Grand intermède entre le 2e et le 3e acte
Le combat des Horaces et des Curiaces
Pantomime dramatique équestre et pédestre par les Crokson
et les mimes de Chicago.

L’orchestre du Théâtre-Français entamant une nouvelle marche guerrière, annonça le lever du rideau. Le décor était changé ; la scène représentait maintenant un site près de Rome, avec une exactitude d’autant plus complète que le décor était tout simplement une photochromie sur toile, agrandie par un procédé nouveau. Tous les touristes pouvaient reconnaître l’endroit ; avec une bonne lorgnette on distinguait sur la gauche des poteaux télégraphiques, que les décorateurs avaient, pour éviter un anachronisme trop brutal, déguisés en peupliers.

Les Crokson, déguisés en guerriers romains, firent leur entrée à cheval et commencèrent immédiatement à simuler un combat à la lance. Après quelques brillantes passes d’armes, ils jetèrent leur lance et sautèrent par-dessus leurs chevaux pour reprendre la lutte avec le glaive seul. Les épées tourbillonnaient et s’abattaient sur les boucliers et sur les casques avec une violence propre à jeter l’effroi dans le cœur des spectatrices. Deux des Horaces tombèrent ; le troisième Horace, suivant la tradition, prit sa course pour éviter d’être attaqué par les trois Curiaces réunis.

Les mimes de Chicago, groupés dans le fond comme le chœur antique, mimèrent avec une verve dramatique le fameux :

Que vouliez-vous qu’il fît contre trois ? — Qu’il mourût !

Enfin le dernier des Horaces abattit successivement ses trois ennemis.
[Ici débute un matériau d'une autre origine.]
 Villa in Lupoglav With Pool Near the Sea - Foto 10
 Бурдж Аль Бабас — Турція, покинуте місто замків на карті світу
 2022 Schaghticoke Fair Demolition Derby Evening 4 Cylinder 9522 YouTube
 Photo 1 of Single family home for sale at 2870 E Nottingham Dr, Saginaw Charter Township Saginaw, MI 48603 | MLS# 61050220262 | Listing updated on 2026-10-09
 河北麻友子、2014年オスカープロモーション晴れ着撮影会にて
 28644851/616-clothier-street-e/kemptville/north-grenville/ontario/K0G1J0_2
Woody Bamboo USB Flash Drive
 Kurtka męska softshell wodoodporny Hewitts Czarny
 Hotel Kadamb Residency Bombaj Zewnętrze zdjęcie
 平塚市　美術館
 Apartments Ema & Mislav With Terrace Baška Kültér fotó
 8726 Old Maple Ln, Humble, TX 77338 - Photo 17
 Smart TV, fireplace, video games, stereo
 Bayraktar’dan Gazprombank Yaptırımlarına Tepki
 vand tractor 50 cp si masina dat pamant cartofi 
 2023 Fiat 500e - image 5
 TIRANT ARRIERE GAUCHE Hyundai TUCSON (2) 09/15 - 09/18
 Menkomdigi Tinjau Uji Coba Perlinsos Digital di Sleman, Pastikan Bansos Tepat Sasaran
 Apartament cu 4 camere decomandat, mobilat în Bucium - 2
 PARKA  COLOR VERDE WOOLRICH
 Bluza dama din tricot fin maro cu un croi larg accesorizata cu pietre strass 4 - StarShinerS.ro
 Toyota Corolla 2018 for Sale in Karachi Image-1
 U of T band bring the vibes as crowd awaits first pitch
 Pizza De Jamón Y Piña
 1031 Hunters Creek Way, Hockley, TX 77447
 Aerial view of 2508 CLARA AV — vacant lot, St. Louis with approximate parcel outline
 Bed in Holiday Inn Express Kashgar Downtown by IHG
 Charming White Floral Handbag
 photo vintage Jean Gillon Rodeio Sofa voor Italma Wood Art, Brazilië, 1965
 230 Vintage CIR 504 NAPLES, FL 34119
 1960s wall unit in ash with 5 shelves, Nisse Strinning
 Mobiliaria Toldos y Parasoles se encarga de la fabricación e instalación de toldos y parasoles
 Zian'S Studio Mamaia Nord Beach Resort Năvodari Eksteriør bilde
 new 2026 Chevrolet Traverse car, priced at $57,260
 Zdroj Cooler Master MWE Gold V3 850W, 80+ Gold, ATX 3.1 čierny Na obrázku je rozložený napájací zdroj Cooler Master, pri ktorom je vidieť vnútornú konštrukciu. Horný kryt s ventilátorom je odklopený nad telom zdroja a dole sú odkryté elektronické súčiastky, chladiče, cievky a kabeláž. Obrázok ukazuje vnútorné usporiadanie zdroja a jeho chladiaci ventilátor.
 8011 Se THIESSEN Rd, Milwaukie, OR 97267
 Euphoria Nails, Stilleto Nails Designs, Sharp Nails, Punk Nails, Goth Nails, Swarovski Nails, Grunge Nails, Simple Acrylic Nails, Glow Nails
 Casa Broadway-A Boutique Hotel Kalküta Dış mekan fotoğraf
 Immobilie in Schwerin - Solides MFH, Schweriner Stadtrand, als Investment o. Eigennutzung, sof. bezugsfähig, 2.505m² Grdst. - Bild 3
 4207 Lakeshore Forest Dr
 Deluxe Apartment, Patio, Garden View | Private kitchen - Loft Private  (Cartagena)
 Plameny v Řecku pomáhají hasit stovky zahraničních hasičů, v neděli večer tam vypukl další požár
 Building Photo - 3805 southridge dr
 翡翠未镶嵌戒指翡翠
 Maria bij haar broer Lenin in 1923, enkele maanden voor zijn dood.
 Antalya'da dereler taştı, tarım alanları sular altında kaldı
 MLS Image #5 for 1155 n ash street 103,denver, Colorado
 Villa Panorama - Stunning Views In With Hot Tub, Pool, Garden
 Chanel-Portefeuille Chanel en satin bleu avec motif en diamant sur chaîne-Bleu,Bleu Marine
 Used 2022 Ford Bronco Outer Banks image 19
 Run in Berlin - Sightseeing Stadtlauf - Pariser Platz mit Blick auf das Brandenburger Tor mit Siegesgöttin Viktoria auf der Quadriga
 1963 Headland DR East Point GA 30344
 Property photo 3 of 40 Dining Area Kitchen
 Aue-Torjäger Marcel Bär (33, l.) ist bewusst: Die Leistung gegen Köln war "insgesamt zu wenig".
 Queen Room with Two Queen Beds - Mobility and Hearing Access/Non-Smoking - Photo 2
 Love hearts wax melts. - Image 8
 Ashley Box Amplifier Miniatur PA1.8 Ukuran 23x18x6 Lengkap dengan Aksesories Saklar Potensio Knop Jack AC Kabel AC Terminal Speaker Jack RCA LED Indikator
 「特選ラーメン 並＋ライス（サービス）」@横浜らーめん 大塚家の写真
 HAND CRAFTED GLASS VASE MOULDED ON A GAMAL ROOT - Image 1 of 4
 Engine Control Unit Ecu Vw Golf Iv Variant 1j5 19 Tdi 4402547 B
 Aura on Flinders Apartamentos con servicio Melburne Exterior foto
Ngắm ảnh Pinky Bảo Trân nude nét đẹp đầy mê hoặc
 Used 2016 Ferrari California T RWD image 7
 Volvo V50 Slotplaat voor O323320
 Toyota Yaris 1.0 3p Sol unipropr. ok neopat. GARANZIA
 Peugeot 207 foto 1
La partie dramatique était terminée ; la pantomime prit un cours plus drôlatique : les Horaces et les Curiaces, ressuscites, entreprirent une lutte comique entremêlée de sauts périlleux, de culbutes et de contorsions du plus réjouissant effet. Le dernier des Horaces, poursuivi par toute la bande des Curiaces, sautait par-dessus leurs têtes et disparaissait dans le trou du souffleur, reparaissait à l’orchestre, et enfin, après avoir mis tous ses ennemis en capilotade, s’enlevait dans les frises par une corde à nœuds.